B. Change anything, except the location the request is delivered from, or the location of the information delivered to the page requested.
2. What mod_rewrite Does:
A. Delivers a different result when a specific request is made.
Example:
Someone requests the page yoursite.com/stuff.html
You can use mod_rewrite to redirect the browser to any page of your choosing, say: yoursite.com/stuff.php
-or-
You can serve the information from any page of your choosing including: yoursite.com/stuff.php without changing the location in the browser.
3. what has to be, before you can use mod_rewrite:
A. Mod_Rewrite the module has to be installed and available on the server.
B. you must have AllowOverride set to FileInfo, or higher (All, etc.).
C. you must be able to follow sym links, usually Options +FollowSymLinks either in the httpd.conf (server configuration) or in the .htaccess file itself.
D. you must precede your rules/conditions with RewriteEngine on
4. When using conditions:
A. know a condition(s) will only effect the immediately-following rule.
B. know a condition(s) will only be read after a rule matches the pattern of a request. If the rule does not match, no condition will ever be checked.
5. When creating variables in rules to be re-used later, they are always designated by ().
A. Variables in a rule can be used (“back-referenced”) either in the right side of the rule (new location), or in any conditions.
B. They are gathered in the order they appear, and are retrieved by preceding the number of the variable with a $.
Example:
RewriteRule ^(var1)/no-var/(var2)$ /to-use-variables-type-$1-and-$2
Result:
to-use-variables-type-var1-and-var2
6.When creating variables in conditions to be re-used later, they are always designated by ()
A. Variables from a condition can be used (“back-referenced”) only on the right side of the rewrite rule.
B. They are gathered in the order they appear, and are retrieved by preceding the number of the variable with a %.
C. Only the variables created in the last-matched RewriteCond are available in the RewriteRule.
Example:
RewriteCond %{CONDITION_STUFF} ^(var1)/no-var/(var2)
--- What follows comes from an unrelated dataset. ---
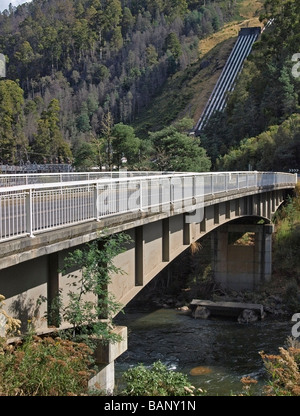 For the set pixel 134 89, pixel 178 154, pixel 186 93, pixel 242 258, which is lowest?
pixel 242 258

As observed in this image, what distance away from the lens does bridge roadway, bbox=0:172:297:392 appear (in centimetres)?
815

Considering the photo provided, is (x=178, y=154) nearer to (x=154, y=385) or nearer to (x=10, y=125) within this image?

RewriteRule ^no-var/no-var/no-var$ /to-use-variables-type-%1-and-%2
Result:
to-use-variables-type-var1-and-var2
* The exception to this is you can also use the %{CONDITION_STUFF} server varable in the rule, but it must appear exactly as it does in the condition:
Example:
RewriteCond %{CONDITION_STUFF} ^(var1)/no-var/(var2)
RewriteRule ^no-var/no-var/no-var$ /%{CONDITION_STUFF}-to-use-variables-type-%1-and-%2
7. When Using Regular Expressions and Conditions
It is much easier to create an infinite loop... be careful and test all uses before installing in the main directory.
Regular ExpressionsI guess I should start by describing a regular expression. (They aren't too scary once you get to know them.) A regular expression is basically a small piece of code that checks for patterns. The pattern can range from a single character that matches to absolutely everything.
- There are some predefined 'terms' in regular expressions to make your life easier. (At least, that are supposed to make your life easier.) Here is a short list, with what each does in the mod_rewrite setting.
[ ] enclose the expression or a portion of the expression. (Used for determining the characters, or range of characters to be matched.)
letter-letter (EG [a-z] matches any single lowercase alphabetical character in the range of a to z), so [c-e] will match any single character that is the lowercase letter c, d, or e.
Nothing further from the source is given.